**Given records:**
·····

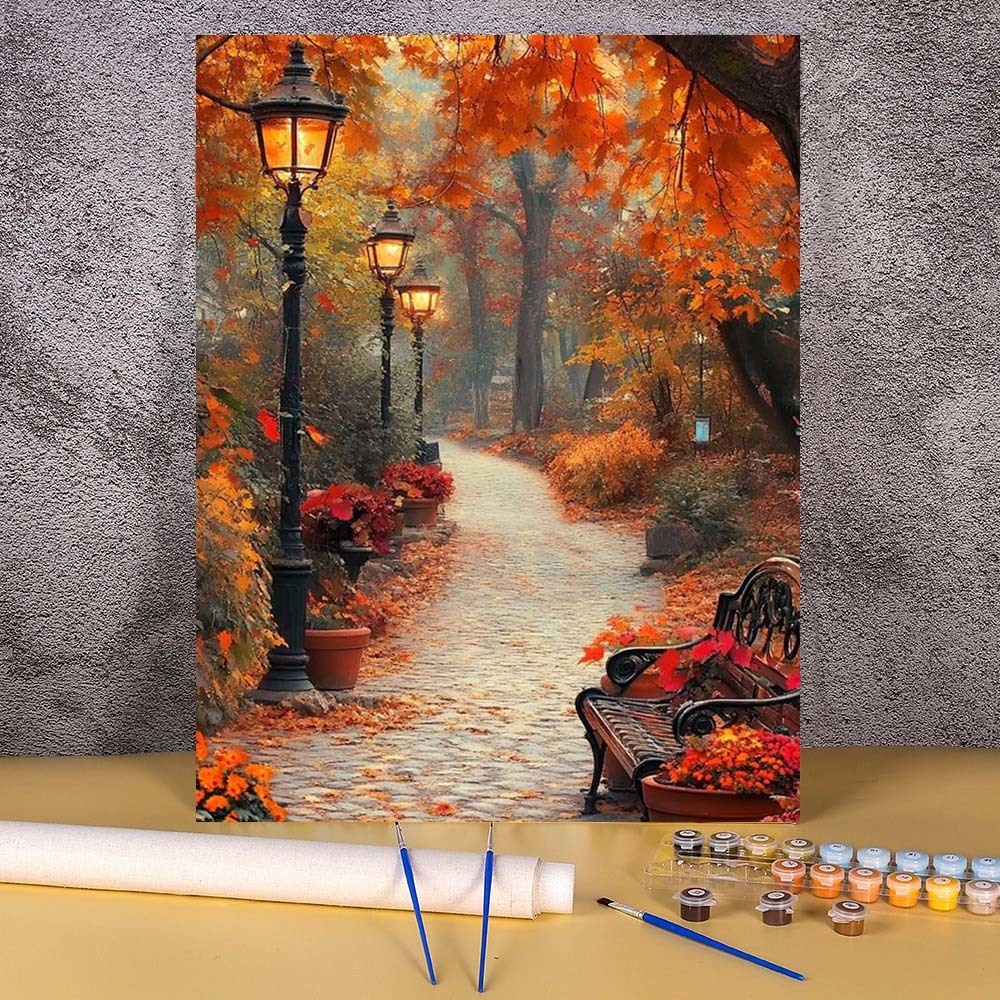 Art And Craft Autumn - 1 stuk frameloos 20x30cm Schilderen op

·····

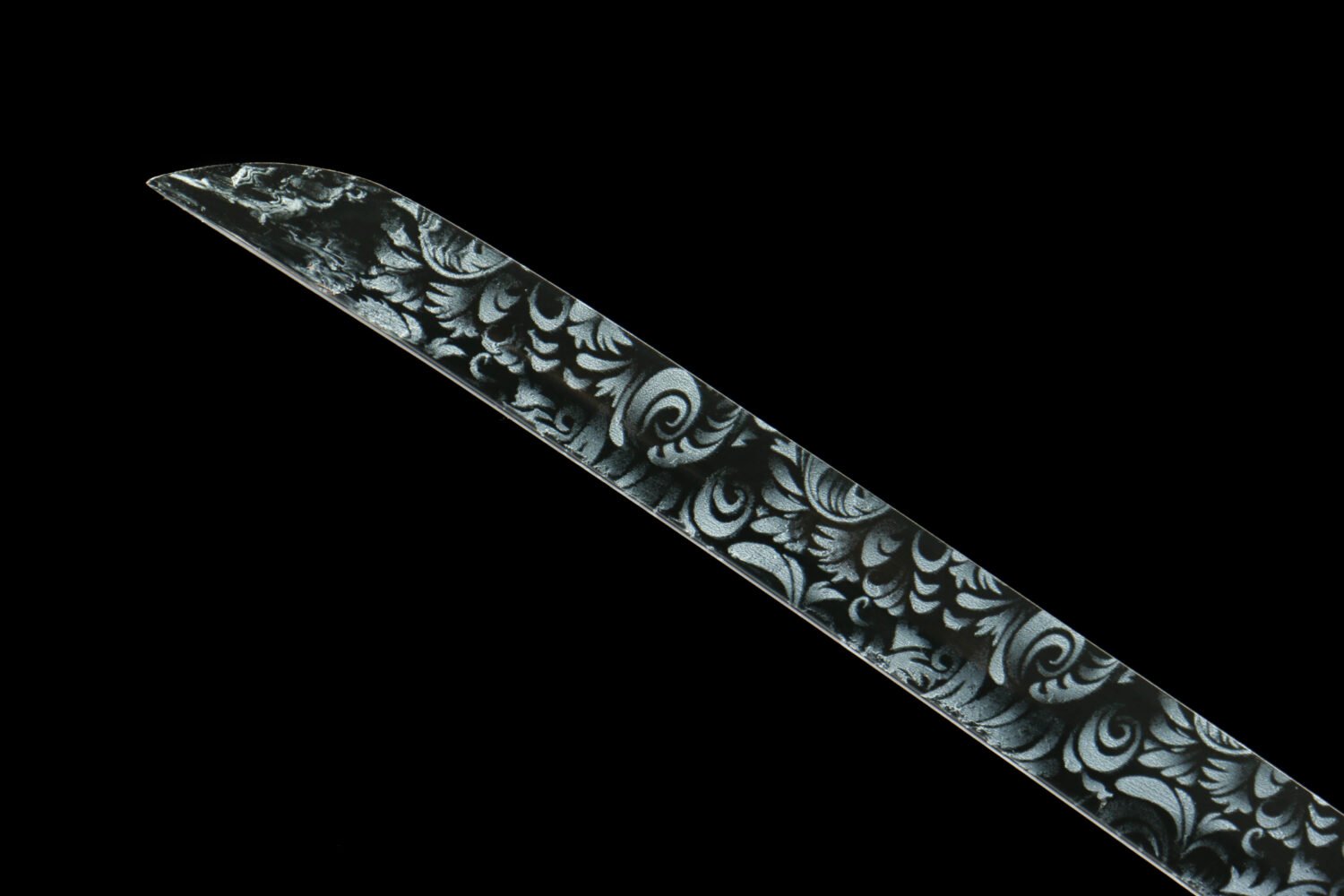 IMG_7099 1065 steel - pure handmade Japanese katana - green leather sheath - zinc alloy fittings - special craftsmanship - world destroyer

·····

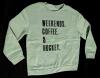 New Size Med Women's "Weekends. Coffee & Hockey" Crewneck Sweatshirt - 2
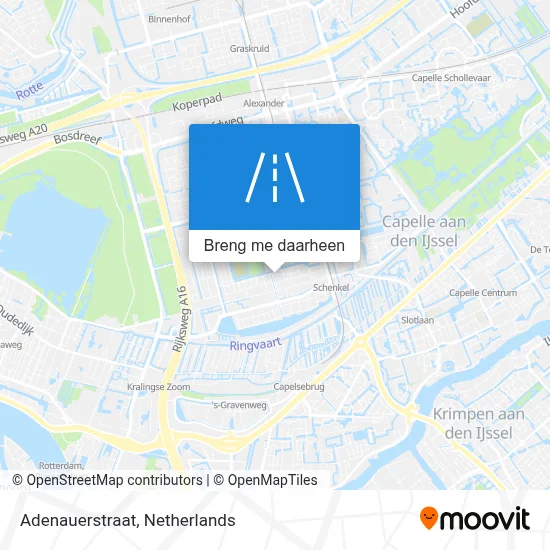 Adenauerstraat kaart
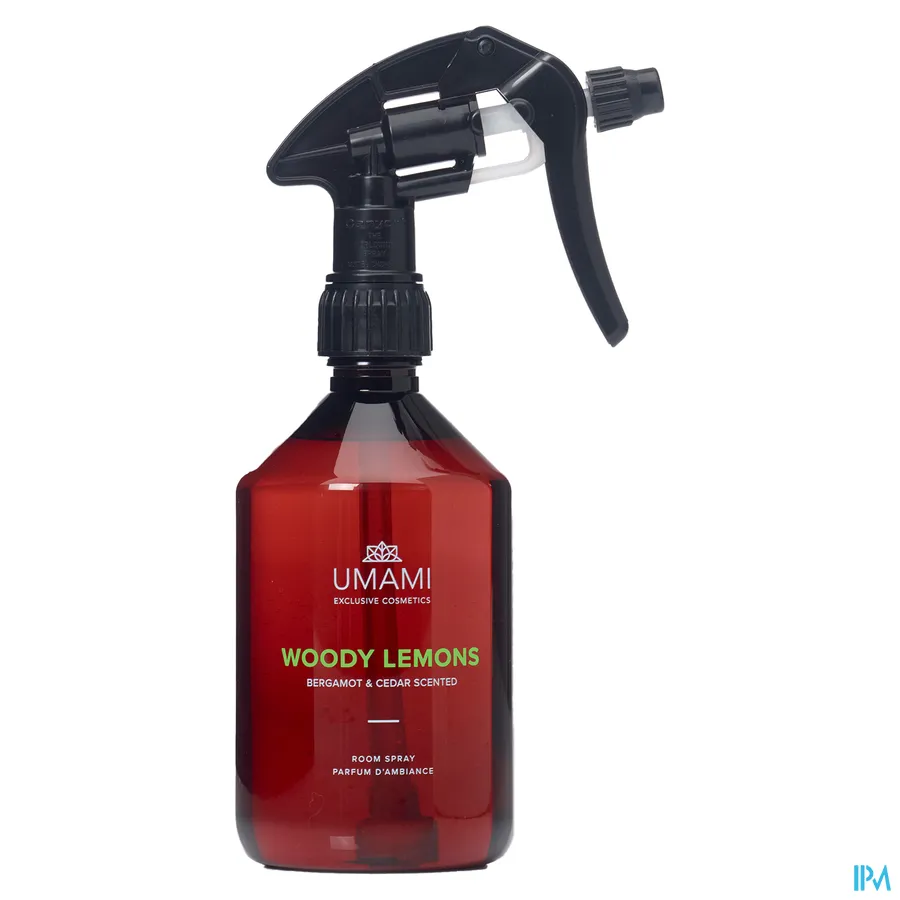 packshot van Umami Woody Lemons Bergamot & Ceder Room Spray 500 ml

·····

**Task description:** Within the listing above, extract exactly the lines that run from the one containing "Adenauerstraat kaart" through the one containing "packshot van Umami", excluding any pictures.

**Task result:**
 Adenauerstraat kaart
 packshot van Umami Woody Lemons Bergamot & Ceder Room Spray 500 ml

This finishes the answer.